Bamdvl Zrfzn, I feel your pain

We’ve just done a big upgrade to the civil births maps, adding the 8 years 1914 to 1921, to match the civil deaths and marriages already covering those years. So three cheers, claps on the back, pints of shamrock all round. Except …

I thought the hair-raising LDS death and marriage transcriptions were the limit. No they weren’t.
Jhonston 1920
Johnnston 1915
Johnsron 1916
Johnstin 1914
Johsnton 1920
Or try:
Mujphy 1917
Murphu 1917
Murpjy 1921
Murpny 1915
Murpyy 1916

A number of demons are in play. First, from 1914 to 1918 many of the civil servants running the registration system were away at war. Those who took over seem to have had poor literacy skills, to put it kindly. Then from 1918 to 1921, came the War of Independence, with continual sabotage of all the existing (British) systems of administration, including the civil registration system. So there are plenty of good reasons why your ancestors’ birth, marriage or death might not be there.

However, in the case of birth records from about 1911, there also seems to have been a bit of a breakdown in the transcription system used by IrishGenealogy. MAH MT KVAX born in Belfast in 1920? I don’t think so. If you look at the original, the child was May McKeag.

MAH MT KVAX

The only way a transcriber could have produced this is by trying to type with their head instead of their fingers. Banging their forehead off the keyboard, in other words.

Whoever that poor suffering transcriber was, they left a trail of anguish: VUFARU MT TONNVLL; TACYVRZNV MAYONH ;   BAMDVL ZRFZN.

The problems seem to be specific to IrishGenealogy births from about 1911 to 1921, so if you’re not finding a birth that should be there in that period, sweat other sources – FamilySearch, Rootsireland, the Northern Ireland GRO, even the printed indexes in the Dublin GRO search room.

BAMDVL ZRFZN

Bamdvl Zrfzn, long-lost scion of the Irwins, I feel your pain.

 

 

 

11 thoughts on “Bamdvl Zrfzn, I feel your pain”

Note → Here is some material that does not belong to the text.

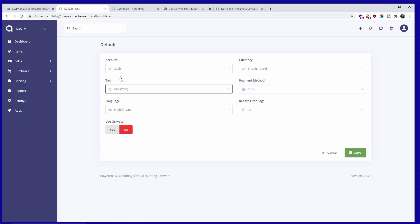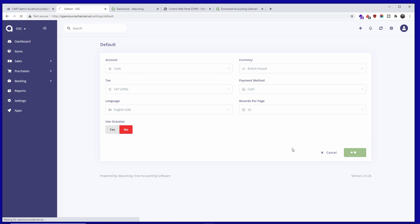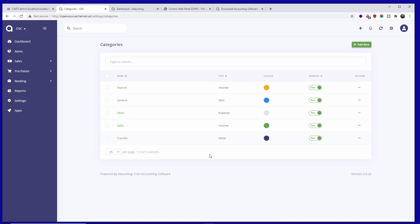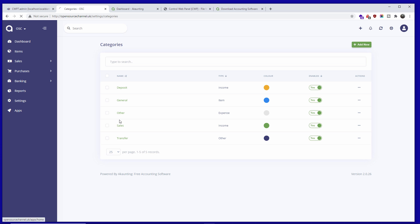I'm going to select VAT since I didn't do that last time. Let's go to Categories — here you can add your categories and assign a color. I'll leave it as is for now.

  1. Wow, and I though it was bad having some census records with first and last names reversed! Do you know roughly how many records have been randomised like this?

    I have transcriptions for all 30,000 BMD records for Mourne in south Down, and I’ve standardised all the name spellings, and never came across random letters like that. But then, if they randomised the registration area as well, I wouldn’t have captured those records…

  2. It’s clear they did not follow up with a sampling of the output of the transcription output of the scanning software they used. I can only wonder how frequent corrections are needed for the output.

  3. I am imagining a cat walking across the keyboard. Probably bad OCR. Blind trust in technology goes awry again

  4. John

    Thank you for this insight. As you rightly state, 1914 – 1918, & 1921, the young transcribers went to war, replaced by the older generations, who presumably being born 1850+, would have been illiterate.

  5. My grandfather, CID DALIN, was transcribed as CIEL SPATIN in the 1940 U.S. Census. Needless to say, it took me awhile to find him.

  6. It seems a computer may have gone rogue on the transcriptions, or else someone was playing with simple ciphers. Those weird transcriptions started off correct, but have all had many of their letters substituted, eg E becomes V, and so on. They can all be translated back quite easily, because they’ve all had the same substitutions.

  7. Thos transcriptions are bizarre but there were also some more mundane errors that affected people for their whole life. Someone during the registration of my mother’s birth in 1919 the clark wrote Marg (possibly as an an accepted abbreviation) and stopped there. She had been christened Margaret but the Marg was later interpreted as Mary and so she then had an “Official” name and also one that she was known by. It caused difficulties including having to sit her Primary cert twice and twords the end of her life, being addressed by an unfamiliar name in hospitals and other settings adding to her confusion at the time.